After skiing, we all decided to go to Reno to do some gambling. I gambled at the tables for the first time in my life…what a total blast! John taught me how to play craps and it’s not as hard as it appears. I basically won just by placing my chips down on the table, lol, but maybe it was luck too. After craps, we went to join Lee at the blackjack table. I had some difficulty with some of the signs that I needed to make in order to communicate with the dealer what I wanted her to do, but I eventually caught on. It was a good time and I came out on top for the evening, so I was totally jazzed. I can’t wait to go to Vegas to try out my newly acquired skills though–hopefully they’ll have some cheap tables to test out on though. I’m still not ready to drop anything on a $15 minimum table…
So in addition to the fun that I had this weekend, I also got lots of rest, which was definitely needed. Sometimes, I think I take on too much and over-extend myself, but is that such a bad thing? I’m still trying to find some middle ground where I can still do everything that I enjoy, and at the same time, not work myself to death doing all these things. It’s difficult though because I always feel that if I’m not proactive about all these issues, events, groups, etc., then who will it fall to? I guess I’m just a bit too aware of the privilege that I come from and want to give some more balance to my life–it’s the social activist in my I suppose…
My paper has been accepted for the Hawaii Conference for the Social Sciences, so I’m totally jazzed. I get to finally present my paper on Multi-racial Queers at a conference and get published–yay! I’m going to apply for a grant to see if the University will cover the cost of my expenses for the conference. Hopefully they will; it should be a fun experience and mini-break from the dull summer work I’ll be doing. Damn it, if I weren’t getting paid so much this summer, I’d so go and do an internship or something, blah…
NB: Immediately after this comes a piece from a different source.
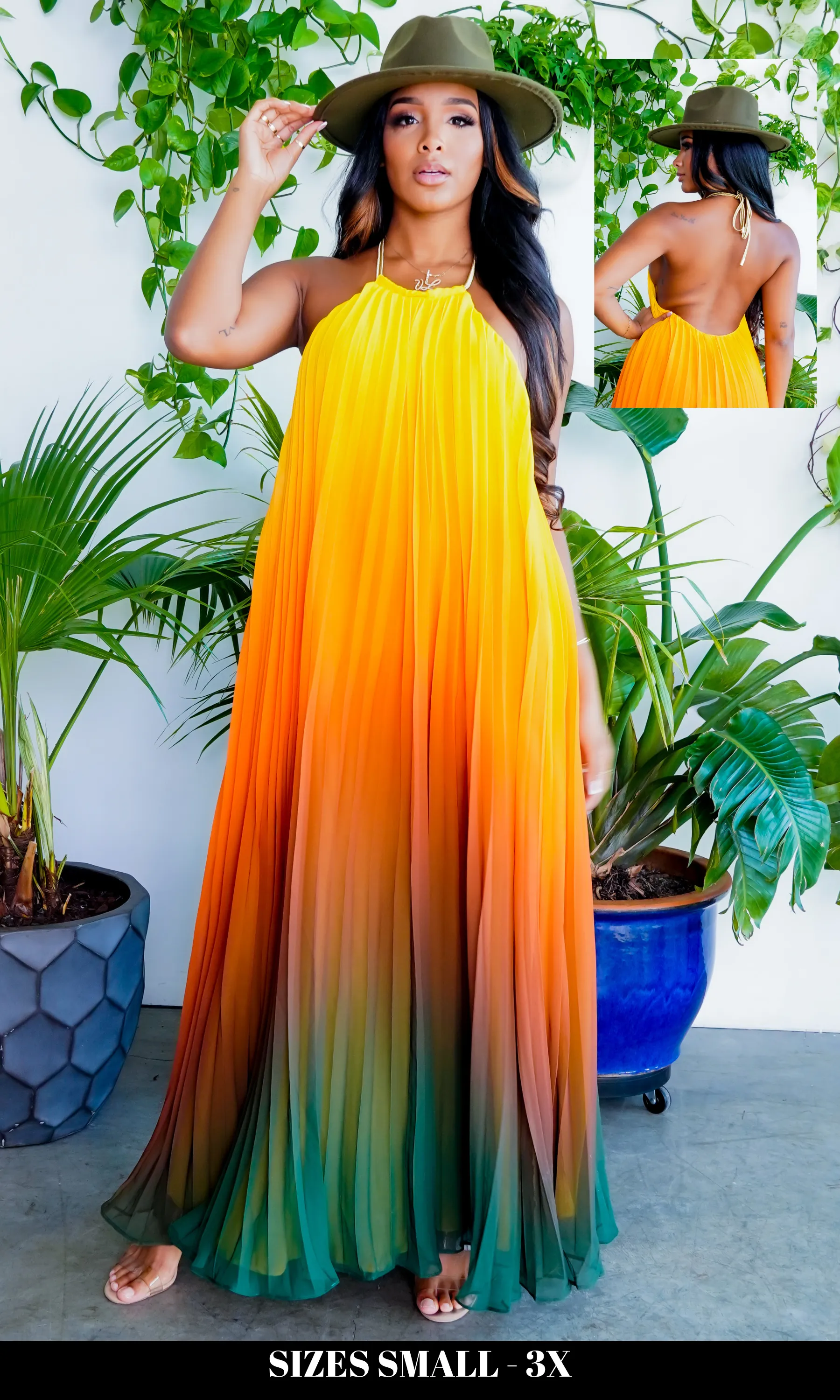 Ombre Sunset Pleated Halter Dress | Maxi Dress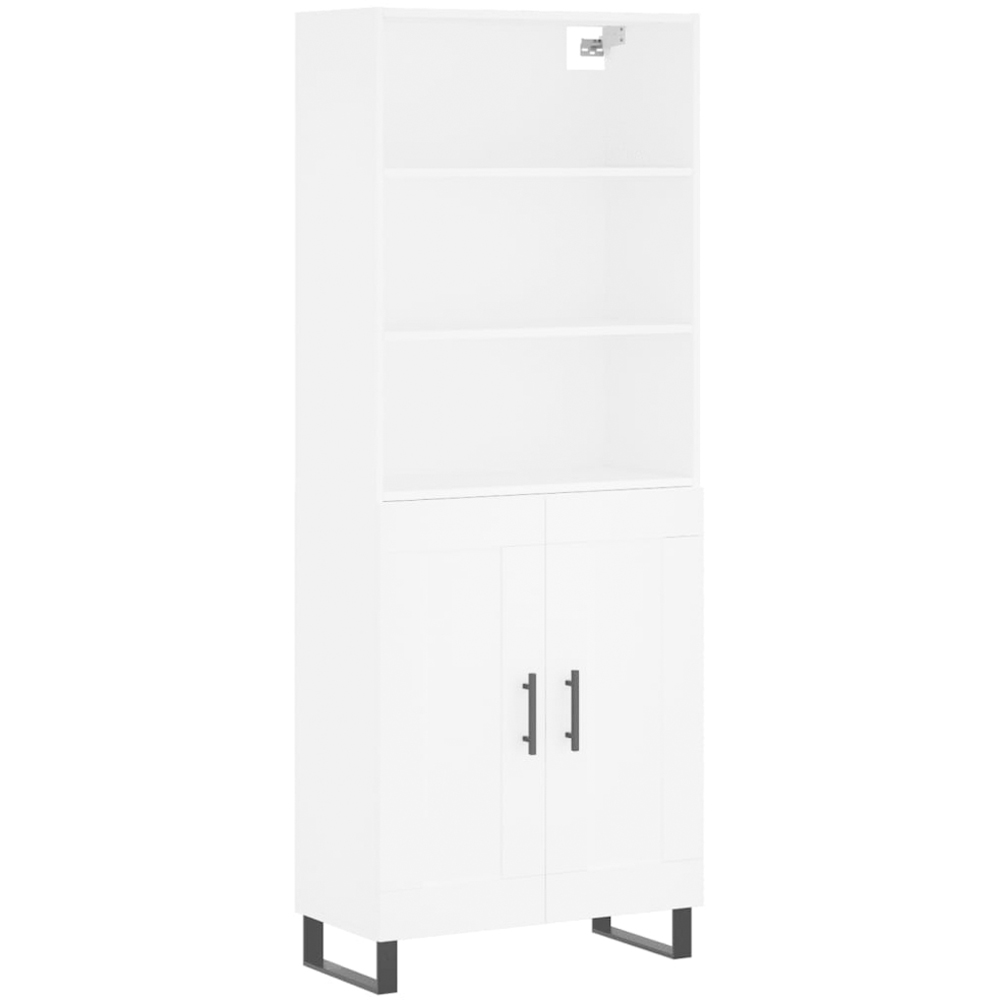 vidaXL 2 Door 3 Shelf White Highboard Image 2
I’m still going strong with my work out routine. I’m surprised I’ve been able to keep my regime up for so long, but I suppose this is a new side of me. Change is good, and I’m liking the results of this change. Though working out tires me some times, I think it’s totally worth it, besides, it’ll be nice to finally have totally toned and visibly ripped abs…yay!
Speaking of change, I’ve decided to grow out my hair and do something different with it. I’ve already dyed it a subtle red (you can only see it when the sun if reflecting on it), and perhaps I may choose to frost the tips later on, but I’m content with it for now. Change is good, life is good, and spring break is just around the corner…WAHOOOOO!!!!